As to the lack of difference in overall survival rates among veterans despite a difference in treatment intensification rates, George noted, “We focused only on patients with metastatic prostate cancer, so the differences in rates of aggressiveness by race may be negated when we eliminated patients with non-metastatic prostate cancer (more commonly in white patients). Next, focusing on the metastatic setting, the early deaths may be driven by the most aggressive cancers in both races where the disease is not solely dependent on hormonal signals. I suspect that over time we will see a difference in survival, but it may take longer follow up and more patients.”
Molecular Testing
Treatment intensification can slow or prevent metastatic prostate cancer from becoming castration resistant or failing to respond to ADT, but still, many patients will develop this more challenging form of the disease. In recent years, treatment options for mCRPC have multiplied, offering hope for longer survival.
Many of the new treatments for mCRPC, however, are targeted therapies that require tumor testing for appropriate selection. Consequently, National Comprehensive Cancer Network guidelines recommend genetic testing for all patients with metastatic prostate cancer, which can identify those with actionable homologous recombination repair (HRR) pathway mutations and other variants with therapeutic targets.

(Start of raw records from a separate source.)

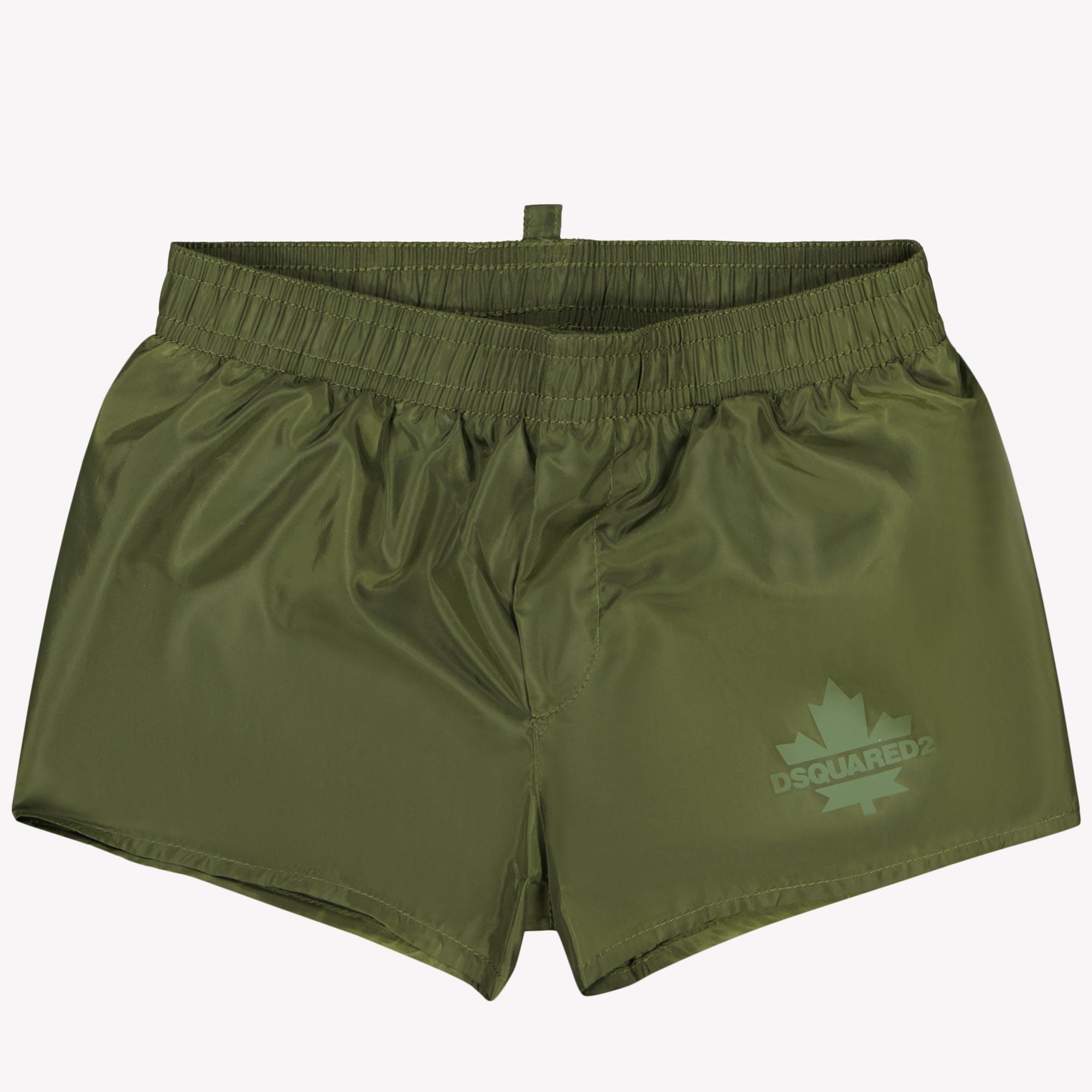 Dsquared2 Bambino Unisex Costumi da bagno Esercito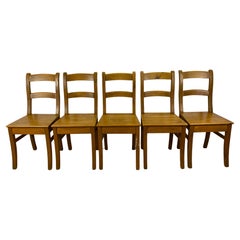 Sedie per la sala da pranzo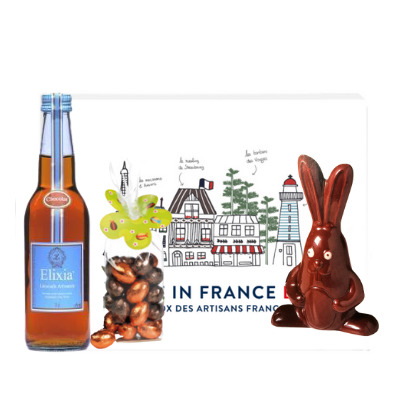 Box Initiation « Un moment chocolaté » 2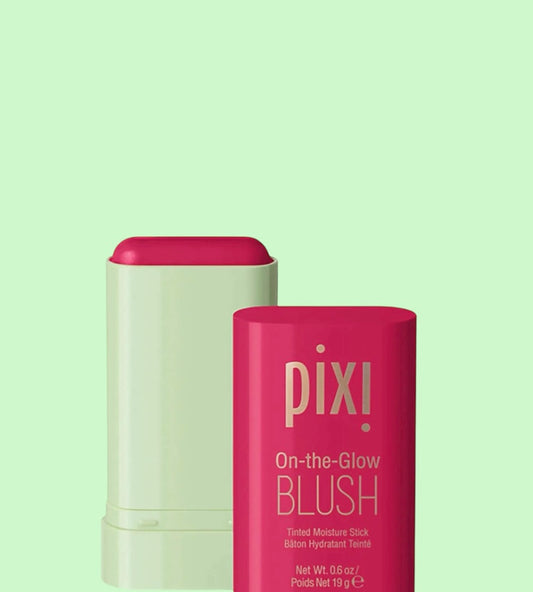 PIXI On-the-Glow Blush (RUBY)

In partnership with the Prostate Cancer Foundation since 2016, the VA has striven to improve access to and use of both tumor testing for somatic mutations and germline testing for hereditary mutations that could affect response to targeted medications. A partnership with Foundation Medicine Inc. established in 2019 dramatically increased comprehensive genomic profiling.
Of 9,852 veterans with mCRPC diagnosed between 2016 and 2021, 20% received tumor testing, with nearly three-quarters of that testing occurring in 2020 and 2021. In 2016-2017, less than 2% of veterans received testing. Testing rates rose rapidly after 2019, reaching 33% in 2020 and 40% in 2021.2
Of those tested, 15% were positive for a pathogenic HRR mutation, such as BRCA2, for which poly(adenosine diphosphate-ribose) polymerase (PARP) inhibitors olaparib and rucaparib are approved treatments. Other therapies for common mutations include pembrolizumab for prostate cancer patients with microsatellite instability-high (MSI-H) or mismatch repair-deficient (dMMR) cancer.

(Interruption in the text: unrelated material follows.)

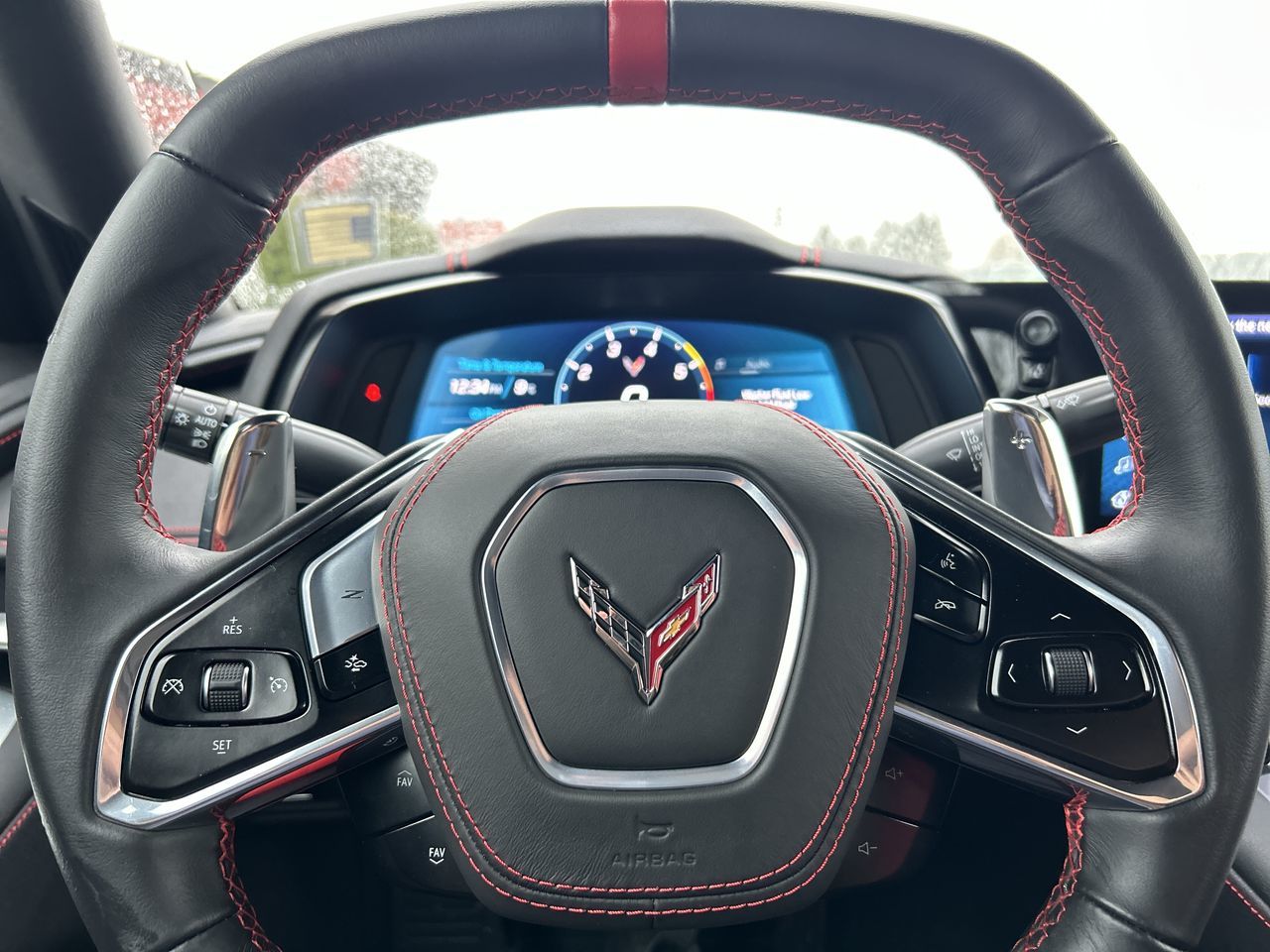 2025 Chevrolet Corvette in Richmond, British Columbia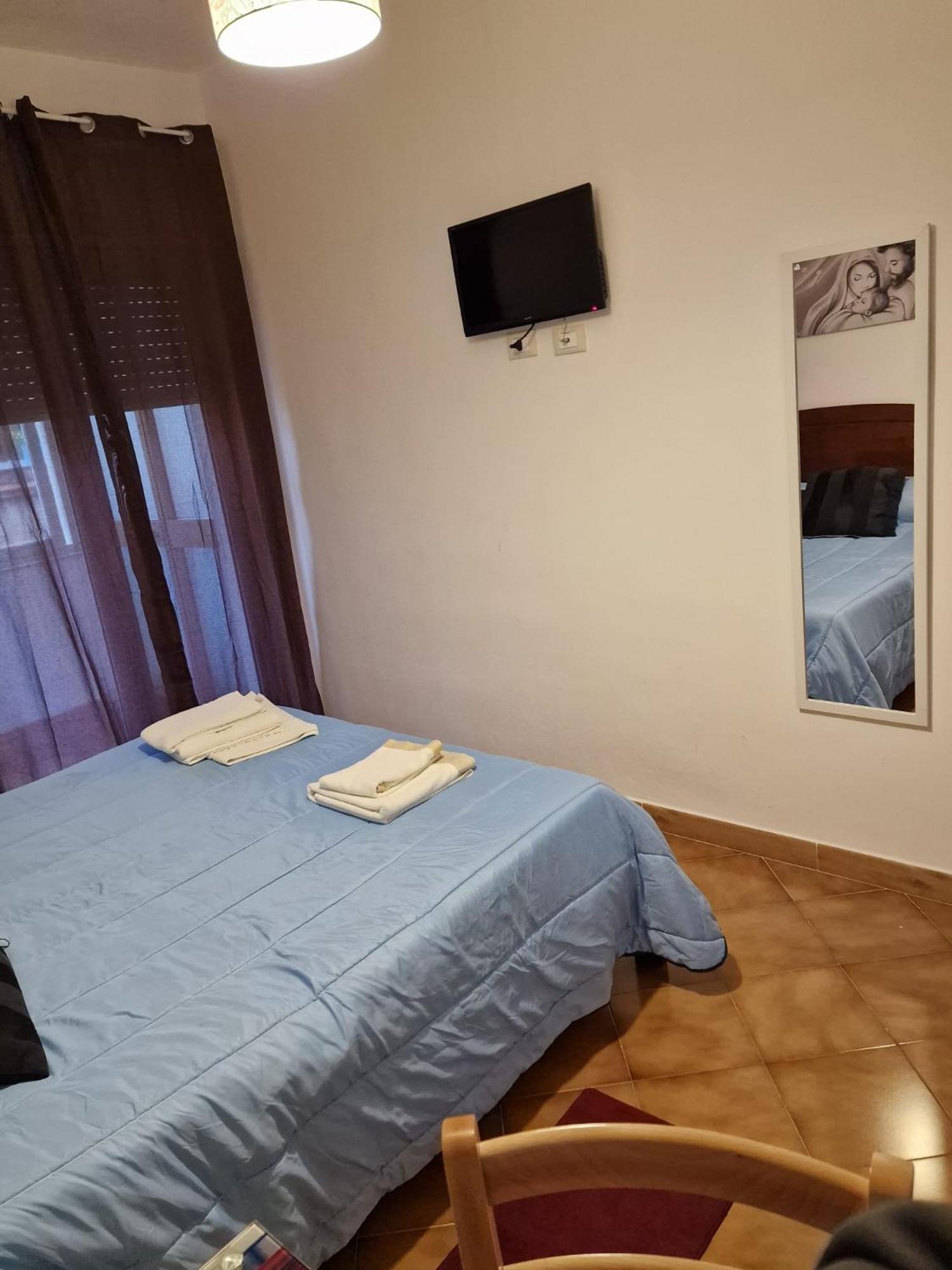 B&B Le Stanze Di Aurora Palermo Exteriér fotografie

As metastatic prostate cancer is a highly heterogeneous disease, increased testing to identify new therapeutic targets and better match treatments is needed.
A recent study found two new clusters of mutational signatures that bear further analysis. These included known clinically actionable mutations in SMO, ABL1, MET, ALK, FGFR2, and JAK3. “Additionally, we identified mutations in SMAD4/TGFβ (NCT02452008), ROS1, PTEN, EGFR, and BRAF, where therapies are currently being explored in the MATCH Trial (NCT02465060). We also identified mutations in GNAS that warrant further clinical exploration if confirmed in another larger cohort,” the researchers noted.3
- George DJ, Agarwal N, Ramaswamy K, Klaassen Z, et. Al. Emerging racial disparities among Medicare beneficiaries and Veterans with metastatic castration-sensitive prostate cancer. Prostate Cancer Prostatic Dis. 2024 Apr 2. doi: 10.1038/s41391-024-00815-1.
- Hung A, Candelieri D, Li Y, Alba P, et. Al. Tumor testing and treatment patterns in veterans with metastatic castration-resistant prostate cancer. Semin Oncol. 2023 Feb-Apr;50(1-2):11-24.
- Hernandez KM, Venkat A, Elbers DC, Bihn JR, et. Al. Prostate cancer patient stratification by molecular signatures in the Veterans Precision Oncology Data Commons. Cold Spring Harb Mol Case Stud. 2024 Jan 10;9(4):a006298.